Lucinda J Kinsinger

Perennial as the Grass

Lying in the grass last Sunday afternoon, on the slope of yard next to the road, I turned my face away from the sun and away from Liz and Lavina lying next to me, closed my eyes. I wanted only to listen and not to talk, wanted only to feel the sun warm on my cheek and listen to their conversation. They are fifteen and seventeen, and their talk is joy to hear, like quick warm swallows diving, dropping, rising, touching wings.

But they would not let me lie in peace.

“Tell us something about you,” they said. “What do you want to tell us?”

“I don’t know. I don’t have anything.” I scanned my mind for a safe subject, a secret I could tell, something that would seem to reveal much without actually revealing anything. It is hard to think of such a subject on short notice.

I could have told them that my heart was heavy like a stone, that the sun was a fever soaking into my body, that I only wanted to go into the house into my quiet dim bedroom and curl up and cry. I would have, if I did not want to be with them. I could have said that.

Why was I sad? No reason, really–which of course means it was a reason I don’t want to discuss.

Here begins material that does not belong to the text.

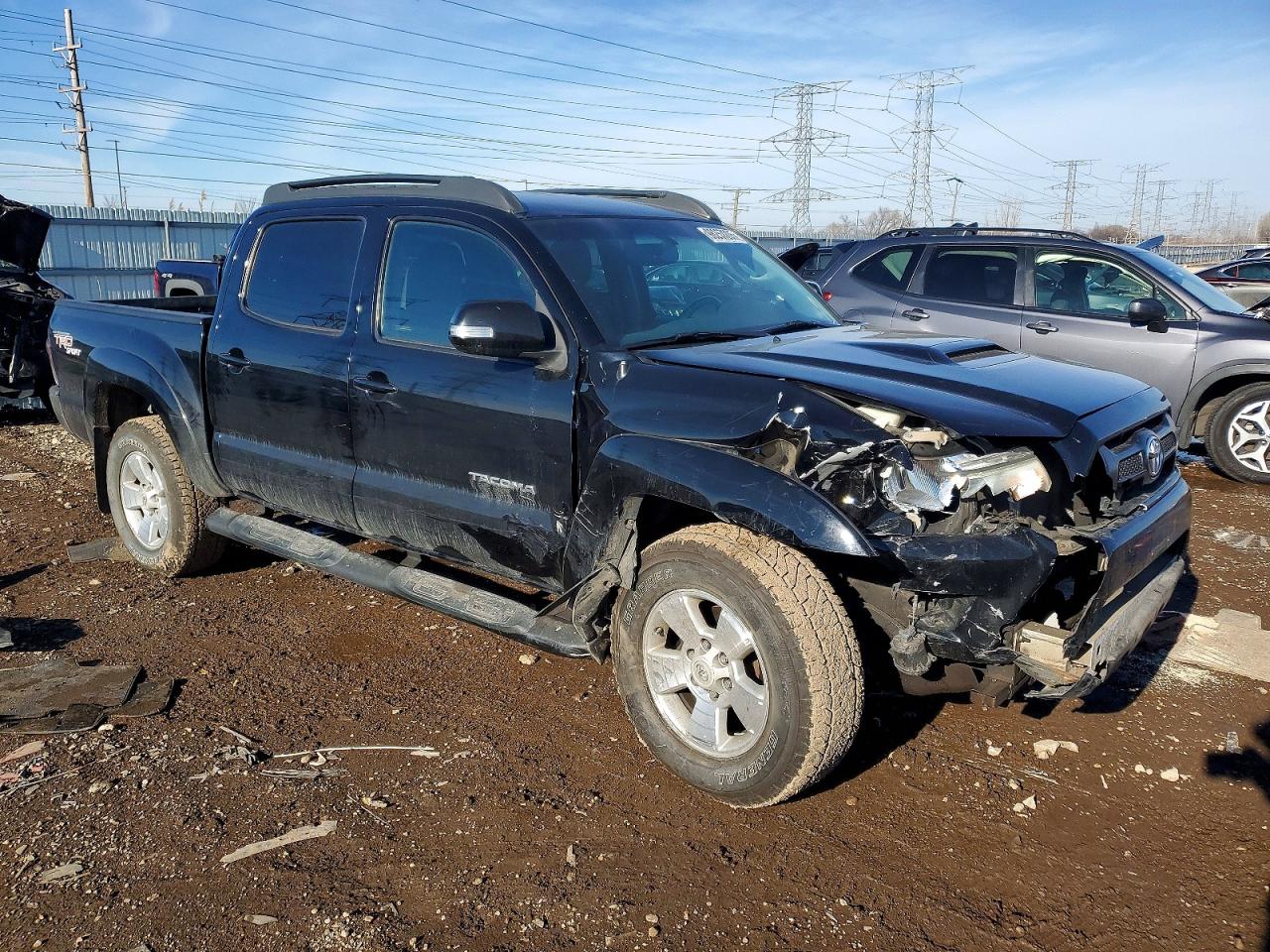 2012 TOYOTA TACOMA DOUBLE CAB photo 4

But it was a small sadness, gone before the day was done.

“Did you ever fall in love?” one of them asked me.

“Yes,” I said, and smiled, remembering.

“Really?” Lavina asked, surprised. “I thought you would be this good girl who always guarded your heart.”

I suppose I’ve read the same sorts of Christian dating advice that she has, and I used to try to guard my heart, back in the days when falling in love was something one did easily, like picking plump apples–the fully-matured ones that drop into your fingers–from a tree.

I gave up guarding my heart about the time I realized love doesn’t work that way. It is either a wild thing, unasked for and unashamed at the giving; or else it is a thing chosen, picked carefully from a wide array of choices, sheltered, nurtured, and given the best that one has.

I am not advising that one toss out one’s heart indiscriminately. It takes two to build a relationship. Be careful.

I am only saying that love cannot be meted out carefully–in a thin yellow line, only so much and no more–like mustard onto a hot dog, because then it would not be love. It would only be mustard.

None of my friendships, the ones that mattered, have worked like that, ever

In a friendship, there is first a beginning–an attraction, a common ground, a choice. Then there is kindness. Then there is a reaching forward and a going deeper. Then there is a conscious choosing to accept. Then there is trust. Then there is love.

I have never known any other sort.

“Do you think you’ll fall in love again?” Liz or Lavina asked me. I don’t remember which. They are so much a part of each other that what one says the other might just as well have said. There is real love for you. It doesn’t have to be romantic.

“I don’t know,” I said. Who can predict such things? “Not necessarily, but I’m not saying I won’t.” And I quoted them a line from Max Ehrmann’s poem “Desiderata.”

Neither be cynical about love; for in the face of all aridity and disenchantment, it is perennial as the grass.

7 thoughts on “Perennial as the Grass”

  1. As inexcusable as it is for someone my age and experience level, I ‘fell in love’ with a young woman that doesn’t return an ounce of the same feeling. That was a year ago now and a year of the worse emotional and spiritual turmoil of my life.

    I’ve never been good at ‘the game’ or winning the initial attraction contest. I have terrible anxiety, lose the confidence I would otherwise have, and bumble around awkwardly. I had hoped my courage would win the day, that there would be something loveable in my effort, but, no.

    Over the past year she has avoided me like the plague. Any chance of love reciprocated, let alone friendship, seems impossible. Yet, I feel so very strongly that she would like me if she knew me. I rushed in. I took her completely off guard. All I want now is to try again.

  2. It’s an awkward sort of thing, isn’t it? But you can’t force it. If you are praying about your future, God has the right girl in mind for you. I think sometimes dreams that come true only make us miserable–we don’t know ourselves as well as we think, and even less the other person–but the things we never planned are the things that bring happiness.

    1. That’s the problem, I really did believe I heard God’s voice and it has all become so intertwined with questions of faith that it is hard to know my up from my down sometimes. If there was something God ordained about who I would end up with this would be the one. But I fear I was very wrong.

  3. Hearing God’s voice is a subjective thing.God does make Himself known to me or reveal His will at different times in different ways, and I am not discounting that. It is potent. But there was one time when I clearly felt God’s Spirit and misinterpreted what he told me according to my own desires. And there have been other times when I was very emotional and interpreted those emotions as God’s voice, when in retrospect I see it was probably just that–emotion. Emotion and desire can be tricky things.

  4. Thanks for sharing Lucy! I have struggled much in this area of “love” and have come to realize that our hearts must first be consumed by Christ, who is the One and Only faithful lover. He alone can satisfy our longings, and desire for love, and acceptance. While people we thought we could trust will let us down, He wont!